▸ **PROBLEM DETAILS**
Look through the listing below for the word "Forest" and copy every line where it occurs.

▸ **DATA SUPPLIED**
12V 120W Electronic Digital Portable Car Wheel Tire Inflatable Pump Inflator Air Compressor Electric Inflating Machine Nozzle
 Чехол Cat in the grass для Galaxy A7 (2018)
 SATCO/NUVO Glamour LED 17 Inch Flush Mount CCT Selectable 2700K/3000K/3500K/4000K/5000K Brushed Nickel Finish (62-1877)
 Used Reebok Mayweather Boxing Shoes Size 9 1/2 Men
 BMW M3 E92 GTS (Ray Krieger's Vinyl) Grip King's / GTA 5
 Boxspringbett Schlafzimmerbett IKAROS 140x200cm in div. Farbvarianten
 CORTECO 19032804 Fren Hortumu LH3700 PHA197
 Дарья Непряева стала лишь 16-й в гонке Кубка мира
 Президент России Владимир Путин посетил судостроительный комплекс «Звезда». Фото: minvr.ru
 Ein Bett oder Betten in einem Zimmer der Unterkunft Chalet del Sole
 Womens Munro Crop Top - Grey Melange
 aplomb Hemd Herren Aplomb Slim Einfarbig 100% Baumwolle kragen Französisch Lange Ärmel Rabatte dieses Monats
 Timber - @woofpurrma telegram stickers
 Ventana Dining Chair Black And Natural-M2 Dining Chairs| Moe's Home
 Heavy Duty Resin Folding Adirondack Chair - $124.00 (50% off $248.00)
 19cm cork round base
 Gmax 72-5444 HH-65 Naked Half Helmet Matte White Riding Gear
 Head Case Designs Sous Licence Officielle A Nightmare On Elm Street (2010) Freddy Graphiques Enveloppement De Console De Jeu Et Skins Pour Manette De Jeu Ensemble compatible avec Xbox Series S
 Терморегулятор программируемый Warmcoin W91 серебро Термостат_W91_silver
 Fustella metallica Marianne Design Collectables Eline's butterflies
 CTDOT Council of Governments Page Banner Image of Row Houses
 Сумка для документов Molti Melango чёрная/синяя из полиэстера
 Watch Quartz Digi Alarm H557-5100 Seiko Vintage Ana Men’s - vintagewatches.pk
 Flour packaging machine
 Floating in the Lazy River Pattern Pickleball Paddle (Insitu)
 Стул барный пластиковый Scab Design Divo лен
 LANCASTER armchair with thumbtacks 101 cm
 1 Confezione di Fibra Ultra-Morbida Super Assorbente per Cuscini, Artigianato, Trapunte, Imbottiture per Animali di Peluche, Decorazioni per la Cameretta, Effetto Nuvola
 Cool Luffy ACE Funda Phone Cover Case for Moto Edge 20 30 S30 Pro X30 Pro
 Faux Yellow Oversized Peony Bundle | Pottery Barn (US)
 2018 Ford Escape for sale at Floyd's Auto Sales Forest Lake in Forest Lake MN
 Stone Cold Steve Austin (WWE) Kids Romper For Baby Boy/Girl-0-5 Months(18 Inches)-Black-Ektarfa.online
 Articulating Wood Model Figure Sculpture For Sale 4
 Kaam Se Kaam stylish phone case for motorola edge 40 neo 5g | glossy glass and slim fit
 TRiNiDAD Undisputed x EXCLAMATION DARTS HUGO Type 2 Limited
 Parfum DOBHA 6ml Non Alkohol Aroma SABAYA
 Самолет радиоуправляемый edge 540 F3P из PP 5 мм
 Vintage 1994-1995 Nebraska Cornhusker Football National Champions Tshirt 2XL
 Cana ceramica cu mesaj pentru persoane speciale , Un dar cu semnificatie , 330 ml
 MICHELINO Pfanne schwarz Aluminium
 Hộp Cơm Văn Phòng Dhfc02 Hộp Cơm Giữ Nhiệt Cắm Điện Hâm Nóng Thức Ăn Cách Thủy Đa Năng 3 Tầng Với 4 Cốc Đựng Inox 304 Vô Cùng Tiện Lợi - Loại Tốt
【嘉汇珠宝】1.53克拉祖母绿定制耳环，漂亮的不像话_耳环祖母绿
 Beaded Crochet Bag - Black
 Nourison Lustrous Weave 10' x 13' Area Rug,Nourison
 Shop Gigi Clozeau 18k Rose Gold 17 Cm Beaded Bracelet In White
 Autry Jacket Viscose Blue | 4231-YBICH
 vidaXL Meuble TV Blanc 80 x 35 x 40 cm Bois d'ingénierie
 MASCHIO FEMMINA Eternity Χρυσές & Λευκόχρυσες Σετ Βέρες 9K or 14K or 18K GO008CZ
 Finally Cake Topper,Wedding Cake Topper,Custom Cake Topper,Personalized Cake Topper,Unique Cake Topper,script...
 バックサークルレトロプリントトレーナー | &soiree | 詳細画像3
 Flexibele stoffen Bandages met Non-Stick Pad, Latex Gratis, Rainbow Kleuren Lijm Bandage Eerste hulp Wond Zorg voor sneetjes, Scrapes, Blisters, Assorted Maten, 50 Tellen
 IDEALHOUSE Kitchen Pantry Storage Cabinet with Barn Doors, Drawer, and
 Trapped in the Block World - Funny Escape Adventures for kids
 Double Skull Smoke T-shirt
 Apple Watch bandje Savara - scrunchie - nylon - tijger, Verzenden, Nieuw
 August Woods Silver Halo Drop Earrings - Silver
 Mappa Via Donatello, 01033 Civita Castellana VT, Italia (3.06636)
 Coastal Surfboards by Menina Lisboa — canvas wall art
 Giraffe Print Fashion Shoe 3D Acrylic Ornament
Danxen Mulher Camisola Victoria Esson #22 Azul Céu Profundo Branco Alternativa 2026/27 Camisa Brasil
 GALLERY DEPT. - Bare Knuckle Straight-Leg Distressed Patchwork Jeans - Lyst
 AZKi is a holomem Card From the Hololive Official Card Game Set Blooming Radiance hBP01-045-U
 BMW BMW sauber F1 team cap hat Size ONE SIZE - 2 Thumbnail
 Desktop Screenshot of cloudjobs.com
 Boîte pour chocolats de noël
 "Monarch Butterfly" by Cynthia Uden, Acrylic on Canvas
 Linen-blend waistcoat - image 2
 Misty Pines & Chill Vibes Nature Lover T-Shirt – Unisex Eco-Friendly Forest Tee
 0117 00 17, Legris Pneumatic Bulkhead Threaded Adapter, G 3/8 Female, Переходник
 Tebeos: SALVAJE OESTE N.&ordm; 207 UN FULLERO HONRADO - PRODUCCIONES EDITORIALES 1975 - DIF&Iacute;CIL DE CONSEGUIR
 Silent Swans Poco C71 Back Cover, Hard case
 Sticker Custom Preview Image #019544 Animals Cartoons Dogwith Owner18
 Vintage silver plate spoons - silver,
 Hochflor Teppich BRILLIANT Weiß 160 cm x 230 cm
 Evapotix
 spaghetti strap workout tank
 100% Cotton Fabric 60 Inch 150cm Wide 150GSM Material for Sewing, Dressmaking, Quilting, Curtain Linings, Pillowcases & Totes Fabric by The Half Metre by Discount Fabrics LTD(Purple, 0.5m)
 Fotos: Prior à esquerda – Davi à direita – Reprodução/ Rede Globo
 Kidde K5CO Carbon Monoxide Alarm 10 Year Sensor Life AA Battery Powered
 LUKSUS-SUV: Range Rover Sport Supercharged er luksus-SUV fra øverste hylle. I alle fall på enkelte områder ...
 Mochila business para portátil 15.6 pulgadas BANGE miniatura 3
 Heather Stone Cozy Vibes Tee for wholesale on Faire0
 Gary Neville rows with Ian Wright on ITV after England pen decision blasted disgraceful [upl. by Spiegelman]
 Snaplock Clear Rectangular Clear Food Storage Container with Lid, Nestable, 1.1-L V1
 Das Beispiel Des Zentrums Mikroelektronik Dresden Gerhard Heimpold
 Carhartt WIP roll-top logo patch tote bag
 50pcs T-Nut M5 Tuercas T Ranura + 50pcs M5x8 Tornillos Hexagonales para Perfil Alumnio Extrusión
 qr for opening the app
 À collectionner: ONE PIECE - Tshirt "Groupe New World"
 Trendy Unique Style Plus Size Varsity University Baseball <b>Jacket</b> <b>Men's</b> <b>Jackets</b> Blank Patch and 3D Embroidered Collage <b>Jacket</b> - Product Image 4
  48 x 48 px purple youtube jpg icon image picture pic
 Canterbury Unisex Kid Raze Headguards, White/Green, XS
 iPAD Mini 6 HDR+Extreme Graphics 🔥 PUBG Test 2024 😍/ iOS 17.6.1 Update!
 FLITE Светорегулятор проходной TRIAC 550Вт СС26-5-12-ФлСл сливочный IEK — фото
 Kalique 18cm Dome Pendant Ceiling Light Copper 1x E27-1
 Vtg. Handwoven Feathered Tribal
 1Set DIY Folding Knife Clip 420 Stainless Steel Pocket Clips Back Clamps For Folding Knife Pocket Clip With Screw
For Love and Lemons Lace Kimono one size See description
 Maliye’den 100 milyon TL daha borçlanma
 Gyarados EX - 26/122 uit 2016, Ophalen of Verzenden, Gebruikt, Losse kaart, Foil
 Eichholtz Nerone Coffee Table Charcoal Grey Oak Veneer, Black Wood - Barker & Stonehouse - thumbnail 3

▸ **SOLVED PROBLEM**
 2018 Ford Escape for sale at Floyd's Auto Sales Forest Lake in Forest Lake MN
 Misty Pines & Chill Vibes Nature Lover T-Shirt – Unisex Eco-Friendly Forest Tee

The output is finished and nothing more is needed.